What got me looking at this was that my student, curious young mathematician that he is, asked if the same holds true for 27.  We can say right off the bat that because every multiple of 27 is also a multiple of nine, the digits of a multiple of 27 must sum to a multple of nine.  However, there is no requirement that the multiple of nine they sum to is 27.  For example, 54 is a multiple of 27, but its digits sum to 9.  2727 is a multiple of 27 (27*101), but its digits sum to 18.

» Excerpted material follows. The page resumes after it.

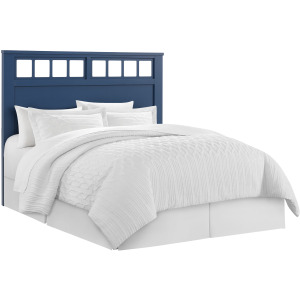St. Regis Bedroom Set with Queen/Full Headboard, Dresser, Mirror and Nightstand in Blue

But does a one-way version of the theorem still hold?  If the digits of a number sum to 27, is that number divisible by 27?  The first such number you’ll run into is 999 = 27 * 37.  I tried six or seven other examples.  They all worked.  So I set out to prove it and was running into trouble.  But the nice thing was that although I couldn’t prove it, my attempt to find a proof showed me an easy way to find a counterexample.  I won’t go into the details, but you can go searching for yourself.  Here’s a hint: $\frac{818172}{27} = 30302 \frac{2}{3}$.

Higher powers of three are an obvious generalization.

If you followed the proof closely, then two things:

• wtf?  it’s not like it’s your homework or something.  or like i know what i’m talking about
• you can find similar properties in base n

In base 7, for example. a number’s digits will sum to a multiple of six if and only if the number is itself a multiple of six.  For example, in base 7

$213 = 2*7^2 + 1*7 + 3 = 2*(7^2 - 1) + 1*(7-1) + 2 + 1 + 3$

So all the same stuff will work as long as 6 goes evenly into $7-1, 7^2-1, 7^3-1,...$  It does, because $\frac{7^5 - 1}{6} = \frac{66666}{6} = 11111$ in base 7.  So if you want to see whether $p$ divides $q$ evenly, you could always just convert $q$ to base $p+1$ and add the digits.  However this is quite a bit more work than just doing the straight up division problem.

Also note that the reason the theorem works for three is that it goes evenly into nine. In base 13 the trick works for 12, 6, 4, 3, and 2. And on a practical note, in hexadecimal it works for f (which is what you use for 15), 5, and 3. Hexadecimal is actually quite nice for factoring, because in addition to easy rules for those numbers, you also have easy rules for 2, 4, and 8 – you can just check the last digit of the number the same way you can to see if something is a multiple of 2 or 5 in base 10.